Come back next week for Season Three! Stay tuned tomorrow for a new Wildcard!

6 thoughts on “The Ten Best THE MANY LOVES OF DOBIE GILLIS Episodes of Season Two

  1. Thanks Jackson. I was surprised to read in the October TV Guide article that the whole season was already planned out , including the army shows. Shows were run differently in those days!

  2. Shulman was against changing Dobie’s hair color, but Hickman reported having lots of problems with the bleaching, including hair loss. The creator finally caved, apparently reasoning that a dark haired Dobie was better than a bald Dobie.

    Really wide-ranging season, and I pretty much agree with the MVE, but I really liked “The Second Childhood of Herbert T. Gillis” also. And while the army shows pretty much suck (I mean, Maynard in the army?????), the wild silliness of “Ah! Your Fadder wears Army Shoes” never fails to make me smile.

    I really, really missed Herbert’s catchphrase. The show was never quite the same without it.

    • Hi, Hal! Thanks for reading and commenting.

      You sound very much like a Herbert fan. As mentioned above, I appreciate Faylen, but I’m not emotionally invested in stories that don’t directly associate his character with Dobie’s, so I’m extra particular about the entries that use him a lot and what they thematically offer. I like “The Second Childhood…” because I think it fulfills its dramatic obligation, but it gets to be overly sentimental at times in a way that Shulman’s contemplative ethos can’t fully support.
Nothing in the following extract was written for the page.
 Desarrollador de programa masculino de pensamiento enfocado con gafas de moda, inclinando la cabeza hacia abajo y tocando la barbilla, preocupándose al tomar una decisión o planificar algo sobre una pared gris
On the other hand, “Aah, Yer Fadder…” is totally driven by its comedic premise — in the familiar Dobie tells a lie template — and while it’s a showcase for Faylen (especially), it’s not tethered to enough substance to be more than a potential Honorable Mention. (I drafted it in this post and then deleted it to keep that section from bloating any further; I didn’t need it.)

      And, as for Herbert’s catchphrase, it’s not the loss of those words that matters, it’s what they represented — the regular summation of their strained, aggressive, and angry relationship, which made the show emotionally identifiable and a cut above the traditional sanitized parent/teen fare that hadn’t connected as well with audiences because it wasn’t as genuine. By shedding this verbal gimmick, Shulman was consciously changing the depiction of Dobie/Herbert’s bond, and as argued above, that’s a primary reason for Season Two’s decline in quality.

  3. What’s your least favorite episode this season? I dislike all the army shows with the exception of the two you highlighted. Unlike your other commenter, I am not an “Ah, Your Fadder Wears Army Boots” fan. It’s one of those episodes where “Dobie Gillis” just loses its plot.

    • Hi, Nat! Thanks for reading and commenting.

      Well, the army shows, as noted above, take the series away from the campus setting where it inherently belongs (courtesy of Shulman) and toil to include the regular ensemble characters that we’ve come to enjoy, so ALL of them “lose the plot” in this regard. If you’re asking me the worst of that bunch, I think “Spaceville,” which gives a lot of airtime to a very Gilligan-like Maynard, is a real chore to watch.

      Prior to the army shows, I think “What’s My Lion?” is silly and so disconnected from the series’ premise and characters that it’s shameful. A good indication that Season Two’s troubles predate the boys’ graduation and stint in the army.